# PROBLEM DESCRIPTION
Please transcribe exactly, and only, the lines of the data below between the line holding "Swix Hs7 -2ºc/-8ºc 180 G Was Paars" and the line holding "10-100pcs EXB38V220JV 22R", inclusive.

# ENTRIES PROVIDED
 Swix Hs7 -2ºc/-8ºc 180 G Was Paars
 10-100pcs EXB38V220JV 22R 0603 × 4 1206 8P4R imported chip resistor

---

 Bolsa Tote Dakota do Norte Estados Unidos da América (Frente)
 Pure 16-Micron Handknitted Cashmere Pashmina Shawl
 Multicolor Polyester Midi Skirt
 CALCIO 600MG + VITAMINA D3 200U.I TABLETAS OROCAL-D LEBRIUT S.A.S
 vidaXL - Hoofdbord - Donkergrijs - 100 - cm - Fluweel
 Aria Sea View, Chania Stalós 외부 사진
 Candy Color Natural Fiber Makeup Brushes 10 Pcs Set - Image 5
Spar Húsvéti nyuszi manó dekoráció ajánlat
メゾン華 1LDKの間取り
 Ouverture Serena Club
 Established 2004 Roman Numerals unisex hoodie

# RESULT OF THE EXERCISE
 Swix Hs7 -2ºc/-8ºc 180 G Was Paars
 10-100pcs EXB38V220JV 22R 0603 × 4 1206 8P4R imported chip resistor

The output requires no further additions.